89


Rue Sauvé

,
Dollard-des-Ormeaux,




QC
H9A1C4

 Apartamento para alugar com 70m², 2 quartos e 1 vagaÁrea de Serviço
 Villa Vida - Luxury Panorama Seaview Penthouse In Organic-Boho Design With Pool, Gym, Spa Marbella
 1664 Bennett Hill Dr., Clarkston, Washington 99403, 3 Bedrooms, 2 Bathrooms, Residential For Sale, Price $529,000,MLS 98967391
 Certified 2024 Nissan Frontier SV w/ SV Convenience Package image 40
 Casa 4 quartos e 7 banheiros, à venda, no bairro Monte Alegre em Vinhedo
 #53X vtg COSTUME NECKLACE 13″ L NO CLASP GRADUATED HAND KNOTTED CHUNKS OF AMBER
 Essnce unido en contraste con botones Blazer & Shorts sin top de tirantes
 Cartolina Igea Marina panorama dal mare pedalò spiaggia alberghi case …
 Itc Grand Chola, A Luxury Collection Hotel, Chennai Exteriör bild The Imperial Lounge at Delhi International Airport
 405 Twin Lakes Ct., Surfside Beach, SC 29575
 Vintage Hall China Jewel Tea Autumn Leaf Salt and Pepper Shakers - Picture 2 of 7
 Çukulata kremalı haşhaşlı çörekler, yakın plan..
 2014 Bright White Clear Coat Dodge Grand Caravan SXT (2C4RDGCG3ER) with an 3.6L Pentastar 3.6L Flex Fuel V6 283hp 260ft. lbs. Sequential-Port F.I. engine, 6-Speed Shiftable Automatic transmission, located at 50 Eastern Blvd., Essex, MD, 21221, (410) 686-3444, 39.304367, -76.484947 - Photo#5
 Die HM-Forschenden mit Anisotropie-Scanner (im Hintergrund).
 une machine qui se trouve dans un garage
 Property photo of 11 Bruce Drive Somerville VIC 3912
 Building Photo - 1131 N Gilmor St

--

YOUR OBJECTIVE
Transcribe the data above in full, exactly as it appears.

SOLUTION BELOW
89


Rue Sauvé

,
Dollard-des-Ormeaux,




QC
H9A1C4

 Apartamento para alugar com 70m², 2 quartos e 1 vagaÁrea de Serviço
 Villa Vida - Luxury Panorama Seaview Penthouse In Organic-Boho Design With Pool, Gym, Spa Marbella
 1664 Bennett Hill Dr., Clarkston, Washington 99403, 3 Bedrooms, 2 Bathrooms, Residential For Sale, Price $529,000,MLS 98967391
 Certified 2024 Nissan Frontier SV w/ SV Convenience Package image 40
 Casa 4 quartos e 7 banheiros, à venda, no bairro Monte Alegre em Vinhedo
 #53X vtg COSTUME NECKLACE 13″ L NO CLASP GRADUATED HAND KNOTTED CHUNKS OF AMBER
 Essnce unido en contraste con botones Blazer & Shorts sin top de tirantes
 Cartolina Igea Marina panorama dal mare pedalò spiaggia alberghi case …
 Itc Grand Chola, A Luxury Collection Hotel, Chennai Exteriör bild The Imperial Lounge at Delhi International Airport
 405 Twin Lakes Ct., Surfside Beach, SC 29575
 Vintage Hall China Jewel Tea Autumn Leaf Salt and Pepper Shakers - Picture 2 of 7
 Çukulata kremalı haşhaşlı çörekler, yakın plan..
 2014 Bright White Clear Coat Dodge Grand Caravan SXT (2C4RDGCG3ER) with an 3.6L Pentastar 3.6L Flex Fuel V6 283hp 260ft. lbs. Sequential-Port F.I. engine, 6-Speed Shiftable Automatic transmission, located at 50 Eastern Blvd., Essex, MD, 21221, (410) 686-3444, 39.304367, -76.484947 - Photo#5
 Die HM-Forschenden mit Anisotropie-Scanner (im Hintergrund).
 une machine qui se trouve dans un garage
 Property photo of 11 Bruce Drive Somerville VIC 3912
 Building Photo - 1131 N Gilmor St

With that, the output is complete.